As soon as Shakespeare reached maturity,
he began to depict himself as a monarch; from "Twelfth Night" on he
assumed royal state in his plays, and surely in this figure of Antony he
must for the moment have satisfied his longing for regal magnificence
and domination. From the first scene to the last Antony is a king of men
by right divine of nature.
It is, however, plain that Antony's pride, his superb mastery of life,
the touch of imperious brutality in him, are all traits taken from
Plutarch, and are indeed wholly inconsistent with Shakespeare's own
character. Had Shakespeare possessed these qualities his portraits of
men of action would have been infinitely better than they are, while his
portraits of the gentle thinker and lover of the arts, his Hamlets and
his Dukes, would have been to seek.
The personal note of every one of his great tragedies is that
Shakespeare feels he has failed in life, failed lamentably.

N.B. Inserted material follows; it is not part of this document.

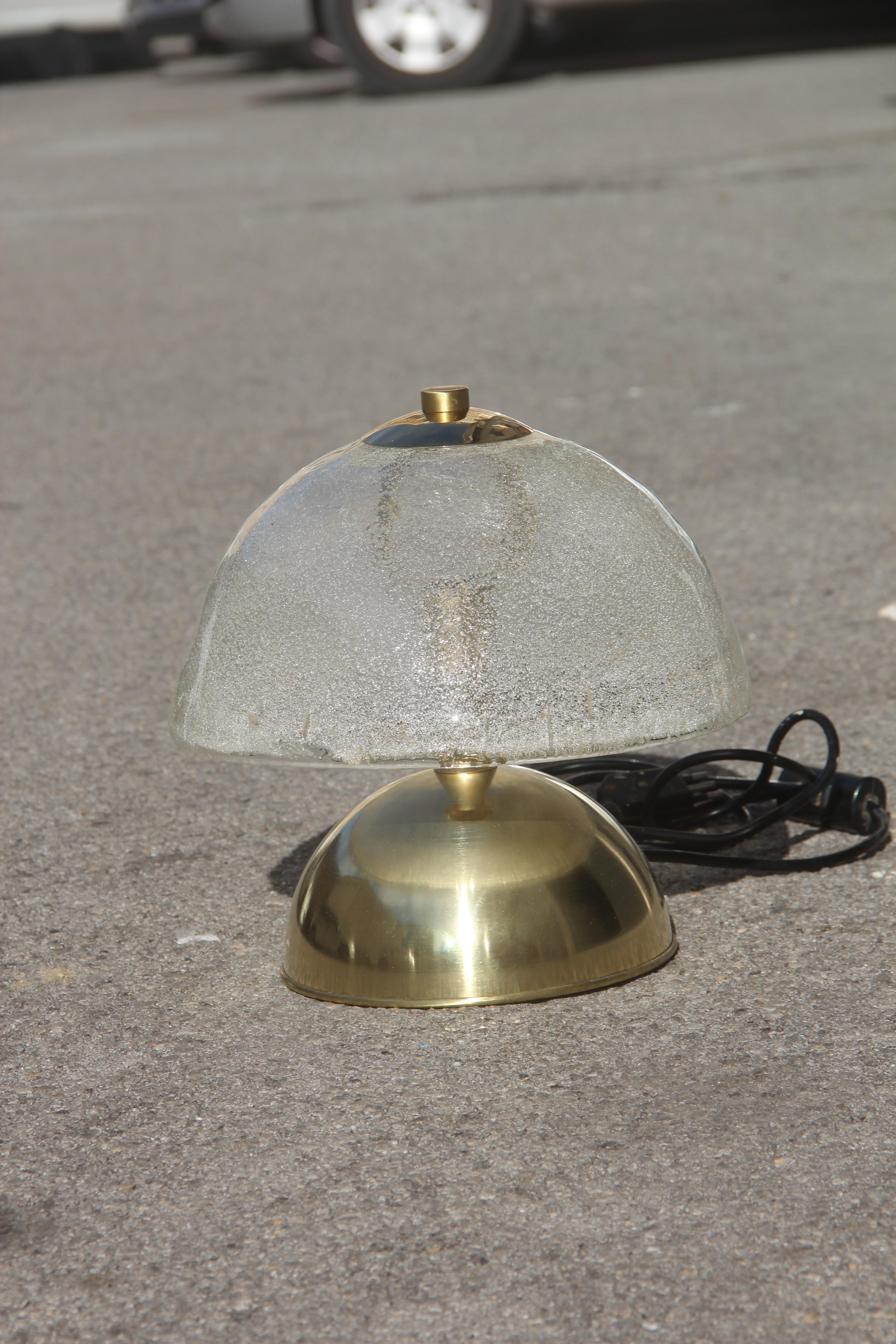 Art Glass Esperia Table Lamp Round Glass Brass Gold 1970 Italian Design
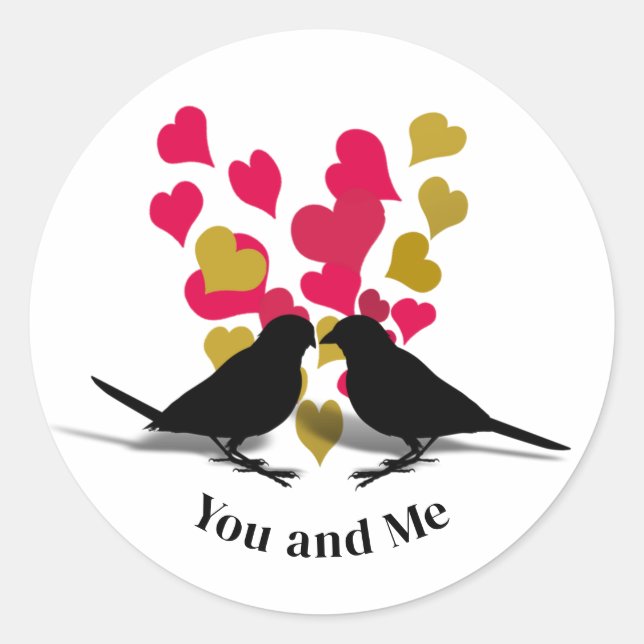 Gold Red Hearts Love Birds Valentine Classic Round Sticker (Front)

His Brutus,
we feel, failed of necessity because of his aloofness from practical
life; his Coriolanus, too, had to fail, and almost forgoes sympathy by
his faults; but this Antony ought not to have failed: we cannot
understand why the man leaves the sea-battle to follow Cleopatra's
flight, who but an act or two before, with lesser reason, realized his
danger and was able to break off from his enchantress.